The church said it has conducted prayers along the roadside for nearly 3 years, citing repeated displacement linked to the land dispute.

Reverend Mike Kenyi said the physical and financial burden of operating from a temporary roadside location had been heavy.

“Every day we have to lift this tent. It is heavy, and this is one of the burdens we are carrying.
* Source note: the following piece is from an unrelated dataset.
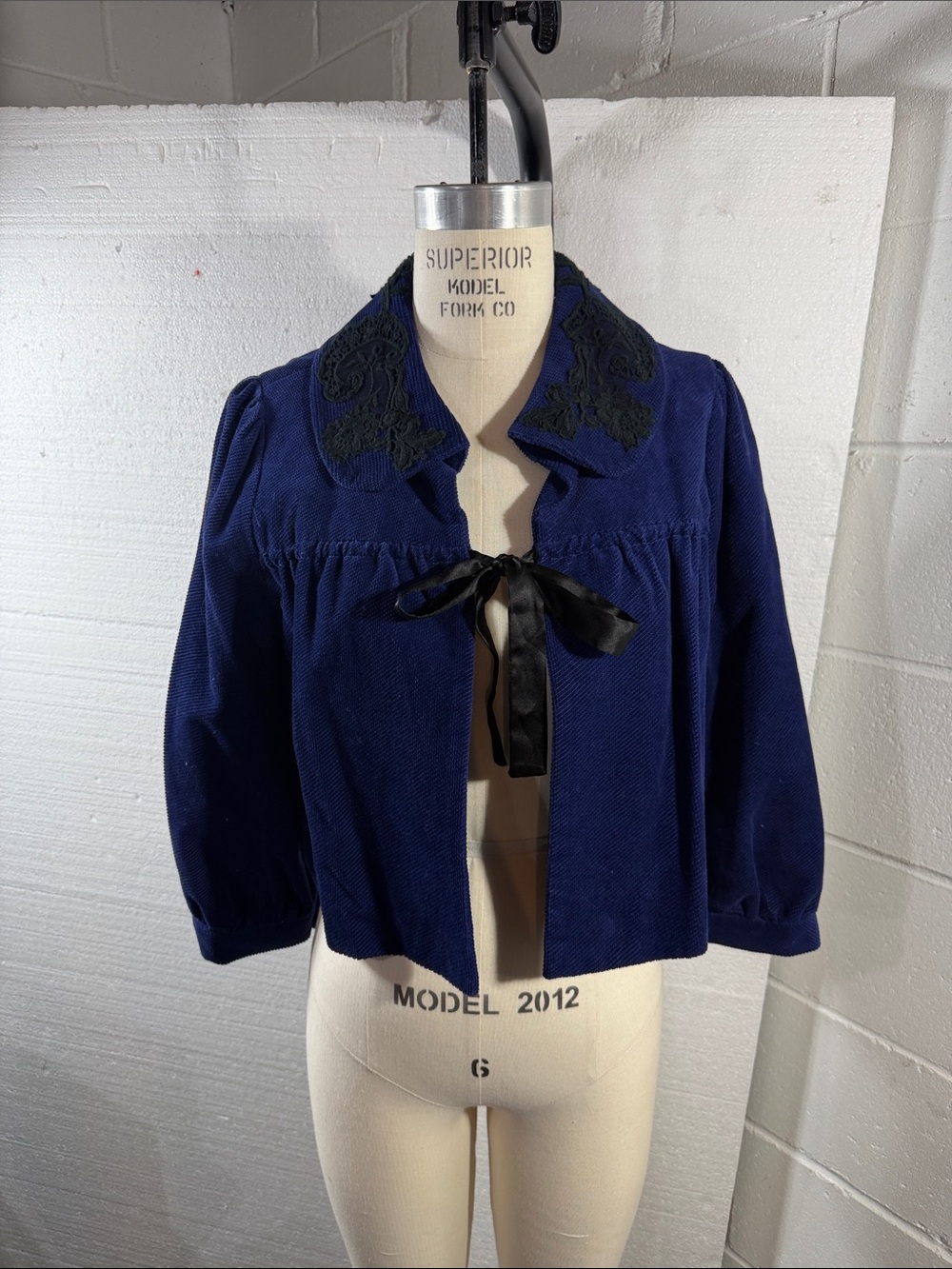 Anthropologie Vintage-Inspired Navy Velvet Tie-Front Jacket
The church is on the road,” Kenyi said.

Kenyi added that the church believed parliament and the government had begun to recognize the hardship faced by worshippers, particularly following remarks by Speaker Nunu Kumba, who publicly stated she did not want additional burdens placed on citizens.

He further said discussions would involve legal representatives from both sides, with a focus on documentation, compensation, and possible restoration of the land.

“When the speaker called us, we made it clear that court processes are still underway and that everything must be documented,” he said. “We proposed that our lawyer sit with the government lawyer to discuss and come up with a list of items that need to be compensated,” he continued.

Church leaders said they were hopeful that the land issue could be resolved as early as January 2026, allowing the congregation to return to its original compound.

“We believe that in this coming January, we will be back in our previous compound,” Marual said, adding, “The government has remembered the suffering of the church and the believers.”

Despite the conciliatory tone, church officials emphasized that legal proceedings related to the land dispute have not been abandoned. Instead, they described dialogue as a parallel track to the courts.

“Wherever they call us, we will come and negotiate,” Bishop Ladu said. “But we have also said clearly that our lawyers must be involved, and everything must be documented,” he stressed.

The church did not publicly disclose the full legal history of the case or whether any court rulings had been issued in the past, but framed the dispute as one rooted in institutional misunderstanding rather than personal conflict.

In a notable departure from confrontational advocacy often seen in land disputes in South Sudan, Christ Church Nakasongola repeatedly stressed that it does not view the government as an adversary.

“We are not speaking against any person or even our government,” Bishop Ladu said, adding that, “The church and the government are one.”

The church said it had chosen restraint and dialogue over protest, even as it continues to operate under difficult conditions.

“Whatever has happened, it has happened,” Bishop Ladu said. “That is the work of the devil to destroy and to kill. But God sent Jesus to make peace.”

Church leaders used the press conference to call for broader respect for church property and religious institutions, arguing that the resolution of the Nakasongola dispute could set an important precedent.

“We are calling on the government to respect the property of the church,” Marual said. “God is above every government, and government follows God.”

Kenyi added that the church’s appeal had attracted international prayer support from believers in Africa, Europe, Israel, and the United States.

“We believe God is answering our prayers. We pray that our land will be restored so that God may continue to be worshipped in this nation,” Kenyi said.

The dispute highlights broader issues of land governance and institutional accountability in South Sudan, where overlapping claims between state institutions, communities, and religious bodies are common.

If resolved through dialogue and legal settlement, the Nakasongola case could serve as a test of the government’s commitment to addressing long-standing property disputes without escalation.

For the church, leaders said the outcome is about more than land.

“As we go into 2026, we want to go with new hearts. A heart that can restore what was taken and allow us to live together in peace,” Marual concluded.

In addition to addressing the land dispute, Christ Church Nakasongola also conveyed its condolences to the Eye Radio family and the wider media fraternity for the passing of journalist Emmanuel Akile on Tuesday, describing his death as a loss to the nation’s media community.